(Captioned web images)
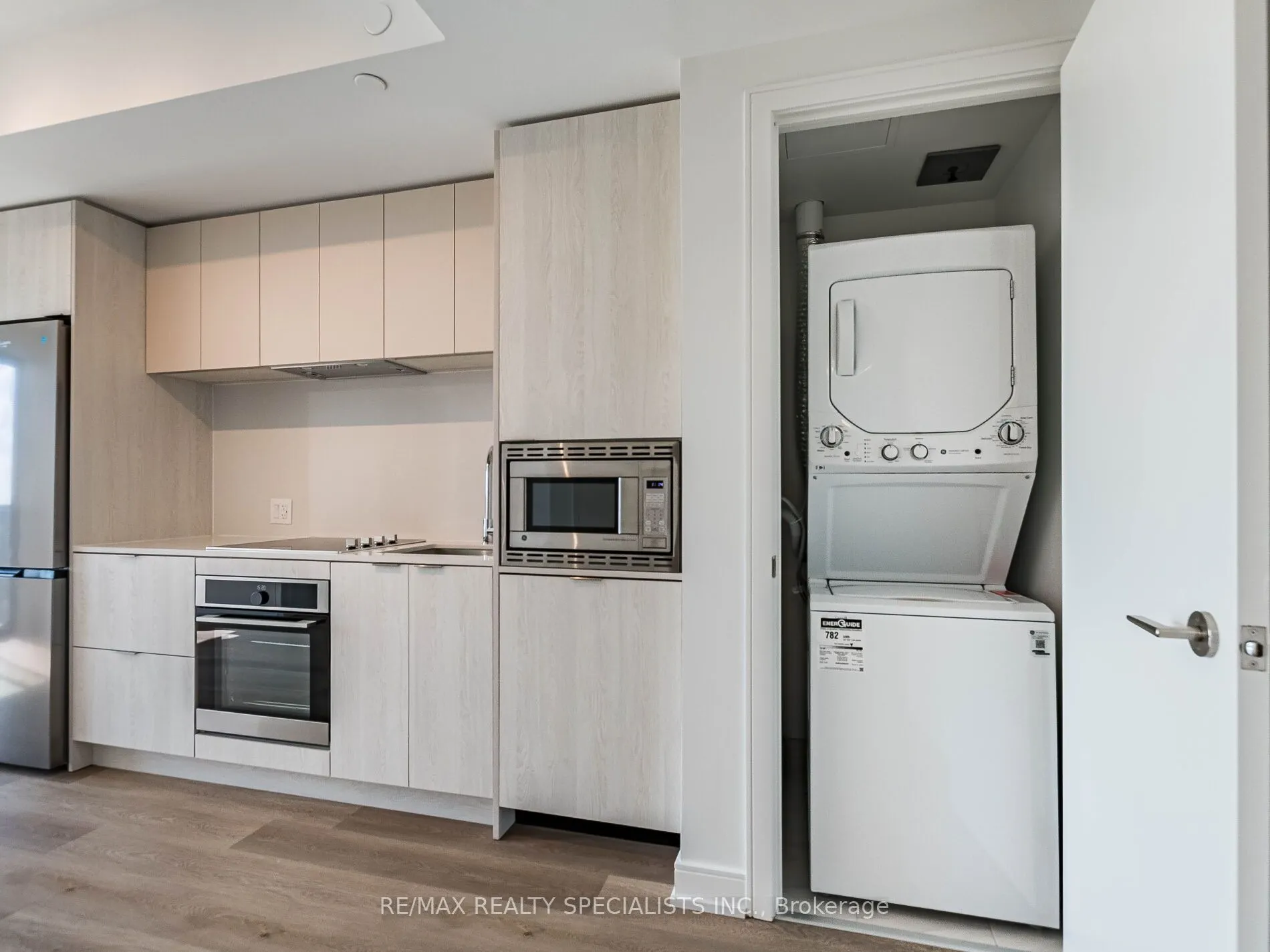 3009 Novar Road, #1703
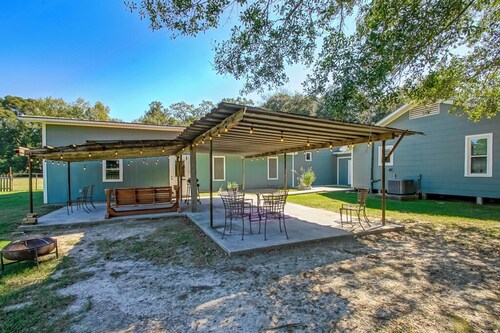 Gotta "Lovett" Farmhouse -Spacious 3 bedroom home on sprawling 6+ acres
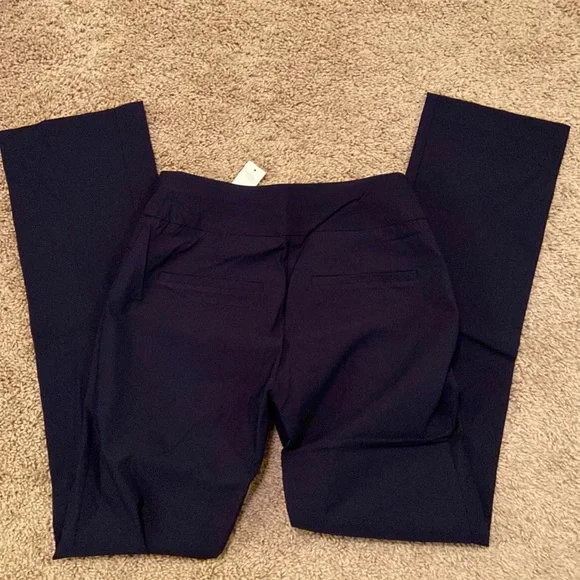 New York & Company - Women's Straight Leg Pull-On Stretch Pants (NWT) - Picture 2 of 6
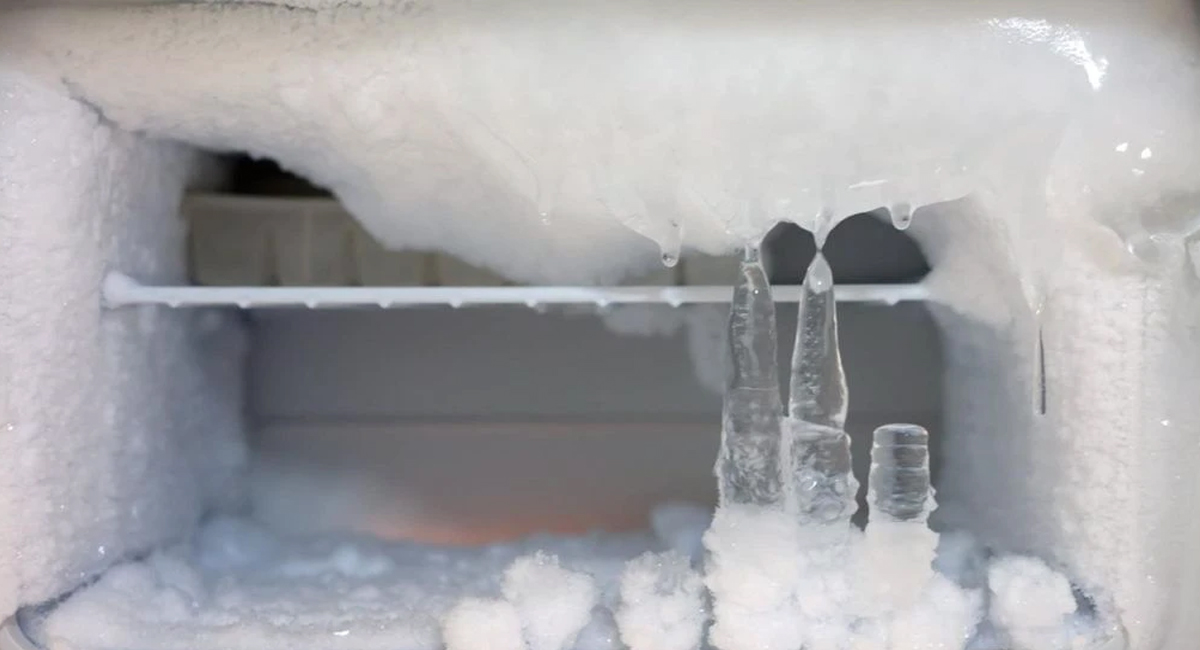 ఫ్రిడ్జ్ లో కొండలా పేరుకుపోయిన ఐస్ తొలగించడానికి ఇబ్బంది పడుతున్నారా…ఇలా చేస్తే చాలు!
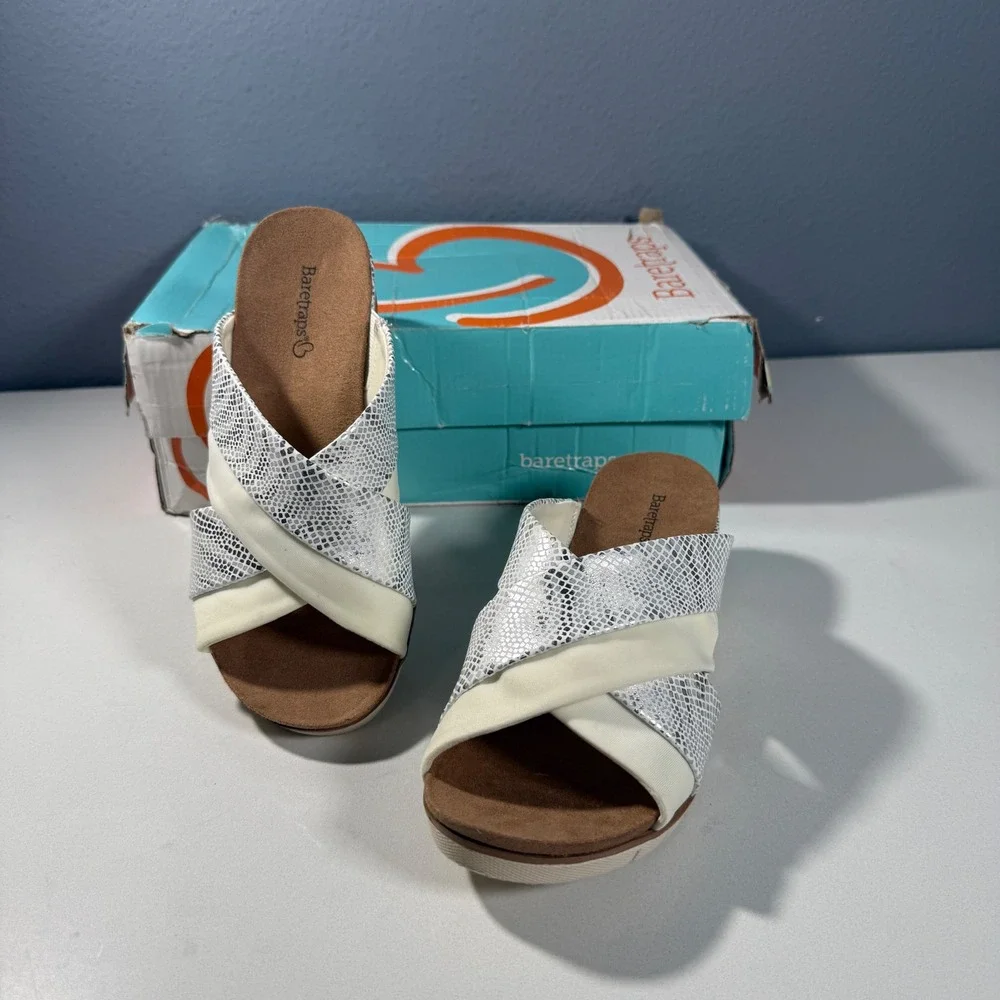 Baretraps Carmela Silver Snakeskin Wedge Sandals Womens‎ 5.5W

Exercise aim –
Nothing but the lines from the one with "New York & Company" through the end of the entries above, both included, should be set down, exactly and without pictures.

Exercise result –
 New York & Company - Women's Straight Leg Pull-On Stretch Pants (NWT) - Picture 2 of 6
 ఫ్రిడ్జ్ లో కొండలా పేరుకుపోయిన ఐస్ తొలగించడానికి ఇబ్బంది పడుతున్నారా…ఇలా చేస్తే చాలు!
 Baretraps Carmela Silver Snakeskin Wedge Sandals Womens‎ 5.5W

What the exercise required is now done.